_Data for the task:_
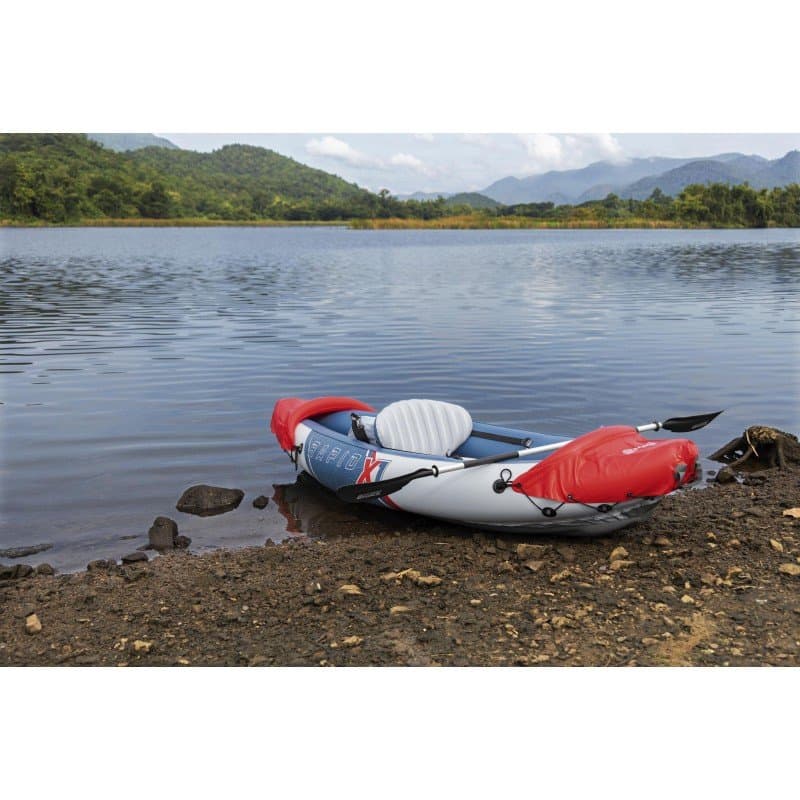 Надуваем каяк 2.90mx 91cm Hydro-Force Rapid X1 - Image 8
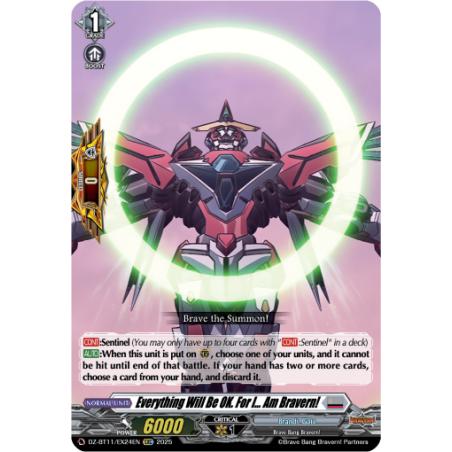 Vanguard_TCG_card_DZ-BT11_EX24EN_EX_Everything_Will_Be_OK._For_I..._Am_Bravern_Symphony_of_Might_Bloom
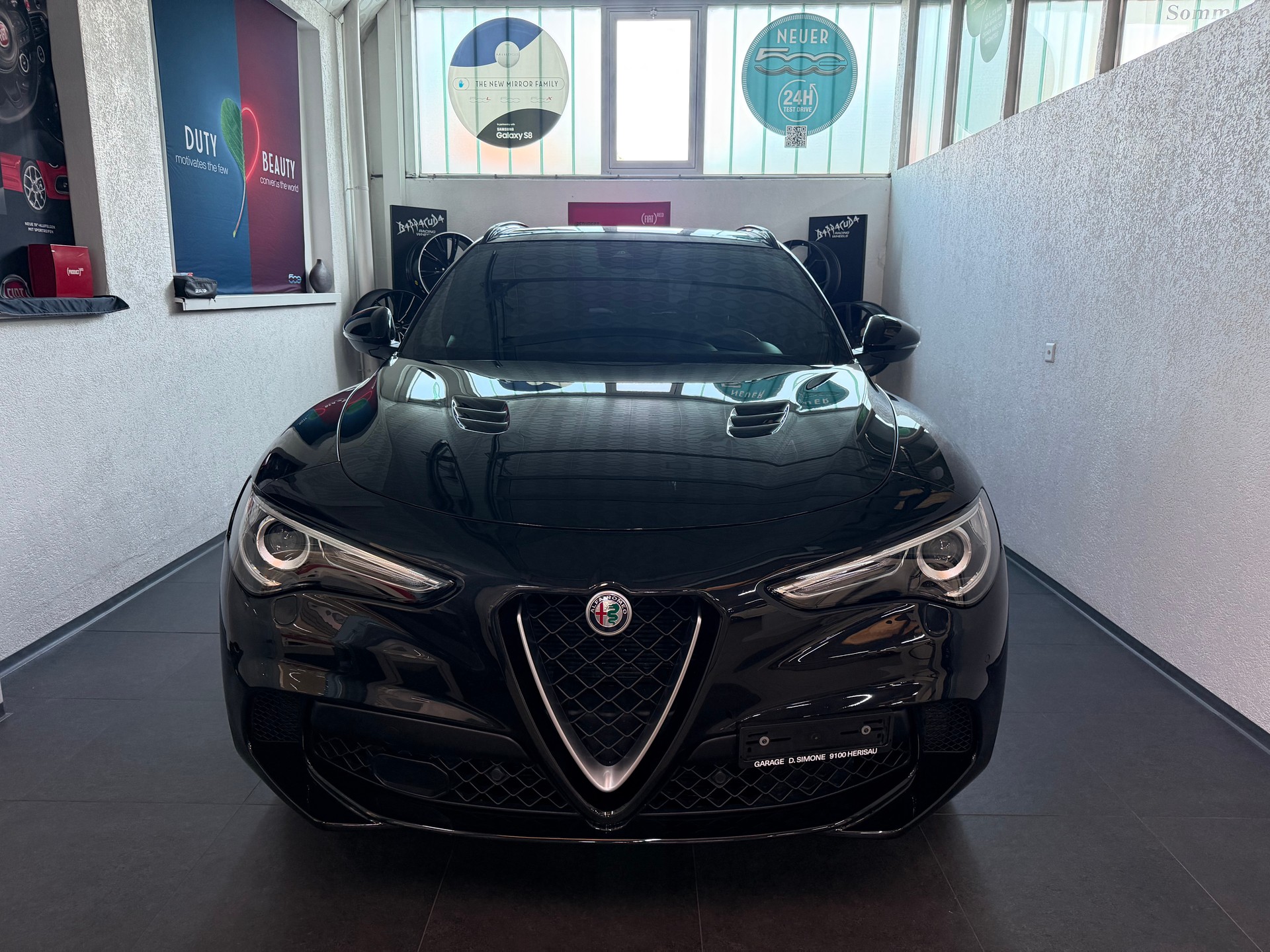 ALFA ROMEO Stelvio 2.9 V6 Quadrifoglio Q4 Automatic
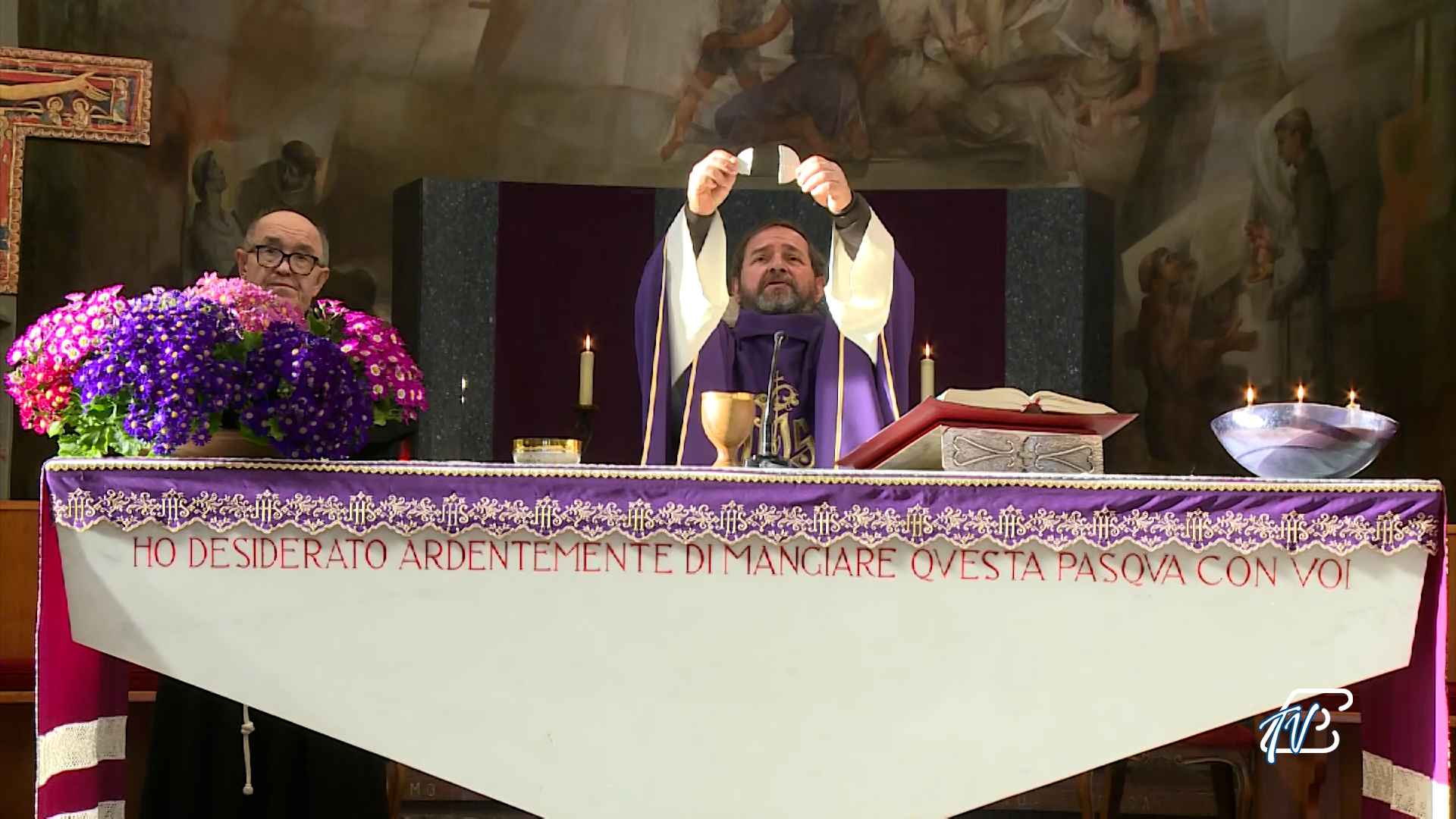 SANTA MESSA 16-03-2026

==

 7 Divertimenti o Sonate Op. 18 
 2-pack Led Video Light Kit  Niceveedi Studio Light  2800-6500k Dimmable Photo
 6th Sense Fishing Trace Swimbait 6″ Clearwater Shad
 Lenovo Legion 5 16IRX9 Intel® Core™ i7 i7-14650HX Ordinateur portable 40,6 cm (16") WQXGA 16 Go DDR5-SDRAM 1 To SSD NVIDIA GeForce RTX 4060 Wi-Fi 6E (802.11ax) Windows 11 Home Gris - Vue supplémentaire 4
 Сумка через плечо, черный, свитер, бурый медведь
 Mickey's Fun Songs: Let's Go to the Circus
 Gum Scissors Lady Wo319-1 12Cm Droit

...

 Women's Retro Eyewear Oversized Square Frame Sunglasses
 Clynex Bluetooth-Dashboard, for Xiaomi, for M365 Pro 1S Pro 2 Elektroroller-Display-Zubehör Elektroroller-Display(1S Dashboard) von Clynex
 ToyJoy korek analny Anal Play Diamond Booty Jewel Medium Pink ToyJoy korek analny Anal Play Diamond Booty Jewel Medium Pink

_Instructions to follow:_ Using the listing above, reproduce word for word every line from the one containing "ALFA ROMEO Stelvio" through the one containing "SANTA MESSA 16-03-2026". Pictures must be left out.

_Output below:_
 ALFA ROMEO Stelvio 2.9 V6 Quadrifoglio Q4 Automatic
 SANTA MESSA 16-03-2026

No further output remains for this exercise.